- Photograph of John Warner, the founding curator of the Hong Kong City Hall Museum and Art Gallery

= Hong Kong Art Today =

Hong Kong Art Today (今日的香港藝術) was an exhibition held at the Hong Kong City Hall Museum and Art Gallery (later renamed Hong Kong Museum of Art in 1975) from 25 May to 4 July 1962. Featuring a total of 120 exhibits by 65 artists, it was the first major exhibition of the Museum and Art Gallery after its opening in March, as well as the first large-scale art competition organised by the government.

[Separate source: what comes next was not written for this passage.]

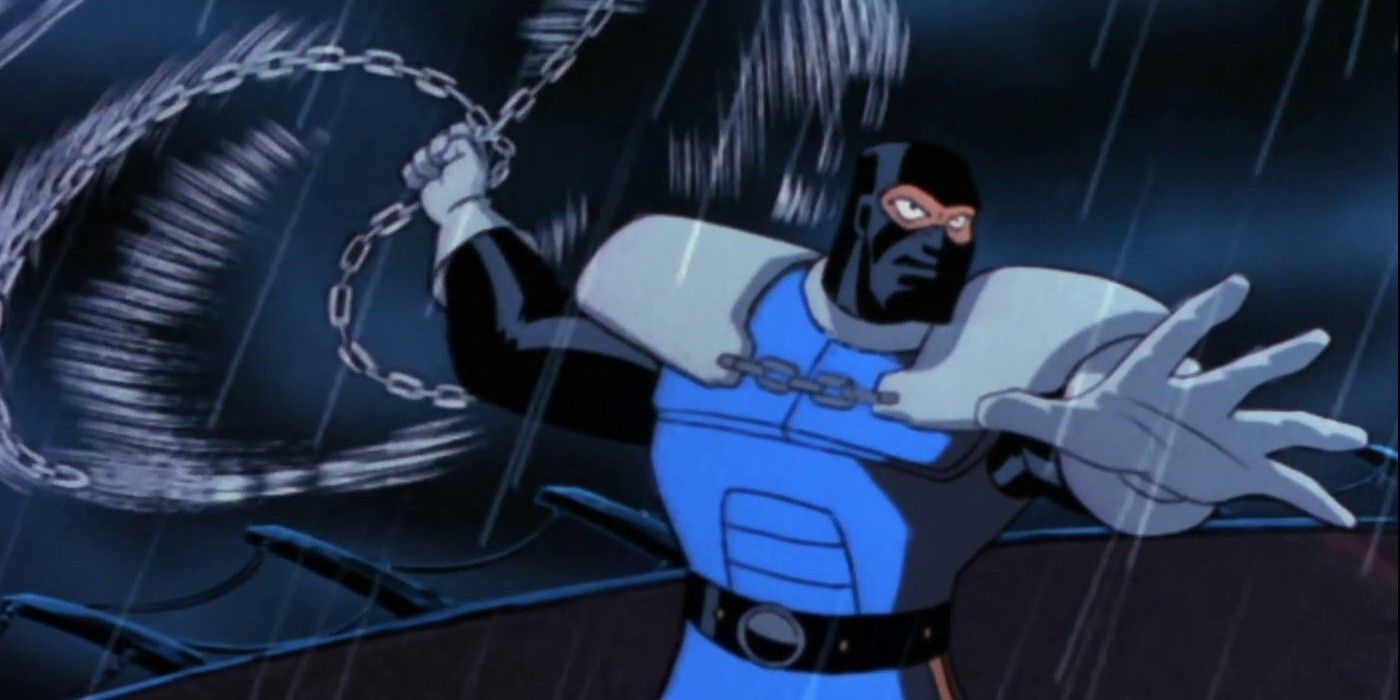 Lock-Up wielding a chain as a weapon in Lock-Up of The New Batman Adventures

Apart from the usual practice of inviting participating artists, the event also incorporated an open call for submissions, which caught the attention of the local art scene. In his introductory text for the exhibition catalogue, the museum's curator John Warner explained what he envisioned as the "valid art forms of to-day": "They have shown a preference for material quality, intelligent experiment and originality rather than outworn cliche, dull technical skill and cheap imitation."

== Significance ==
The Museum and Art Gallery was housed in the High Block of the newly built Hong Kong City Hall, a modernist building by the waterfront of Central, Hong Kong. This new museum had a clear-cut policy to promote and recognise "Hong Kong art"—not Chinese, British, or other Western art. As a prominent event in the series of inaugural programmes for the new premises, Hong Kong Art Today was a manifestation of this mission. It was the first exhibition with Hong Kong art as its theme.

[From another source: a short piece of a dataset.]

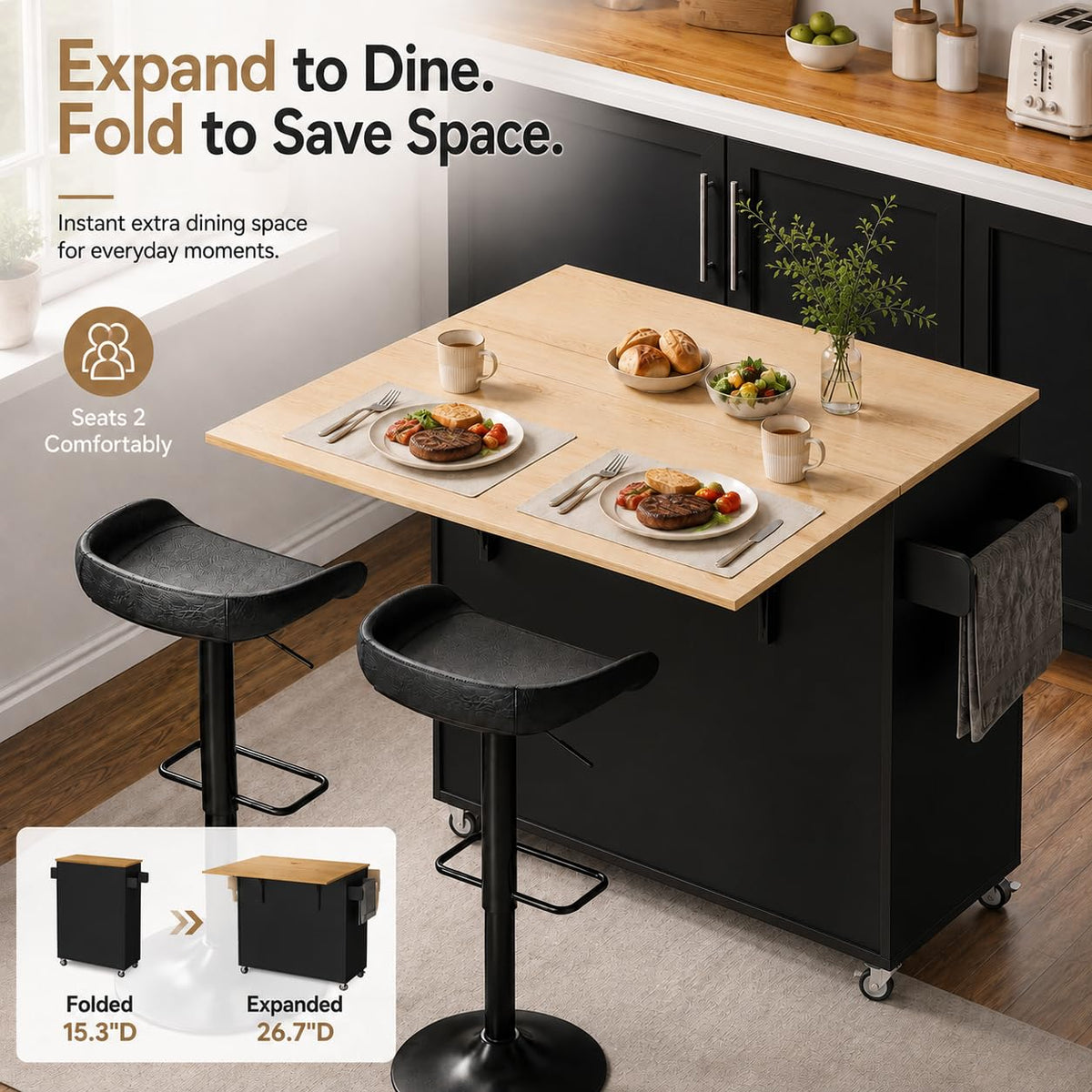 IRONCK Kitchen Island Table on Wheels with Drop Leaf, 47.25" Wide White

Though it was an exhibition mounted in a museum setting, the artworks were for sale, with prices marked in the catalogue. The Museum and Art Gallery acquired some of the works which formed the foundation of its Hong Kong art collection.

== Controversy ==
The open call was successful in generating immense interest from the local art scene, however, it was for this reason that the exhibition soon became controversial.

Artist Luis Chan was among the many artists whose works were rejected in the open call. Chan, a watercolour painter known for his naturalistic style landscapes, had been active in the local art scene since the 1930s. He submitted several abstract works to the exhibition—a somewhat new direction of Chan's artistic endeavour. Only one of his works was accepted. As an established figure in the 1950s, and appointed an advisor to the newly established museum, his failure stirred up a storm in the local art circle, especially when Chan decided to make the rejection public to express his frustrations and address the problems of the exhibition. He wrote a long article titled "My Unsuccessful Submission to the City Hall Art Exhibition" (Chinese: 大會堂畫展落選記), which was published in serial form in the local Chinese newspaper Wah Kiu Yat Po over a period of time.

The issues surrounding the debate included: works by famous artists of the time failing to be accepted through the open call; many rejected artists coming from the same art club (the Contemporary Chinese Artists' Guild, of which Chan was chair); the obscure criteria of adjudication under the confidentiality of the selection panel; the imbalanced quantity of Chinese paintings and Western paintings being selected; and the selections leaning towards abstract art.

The exhibition reflected how naturalism in art had become passé and that abstract art was favoured. In his 2001 article examining the incident and its consequences, Jack Lee, then studying for his PhD in art history, argued that, "[Warner's] prejudice for modern and abstract art influenced directly the museum's later exhibitions and its collection policies, which in turn caused some artists to turn to abstract art in the hope that their works would become appealing to the museum. Their conversion in due course formed a new tendency in Hong Kong art."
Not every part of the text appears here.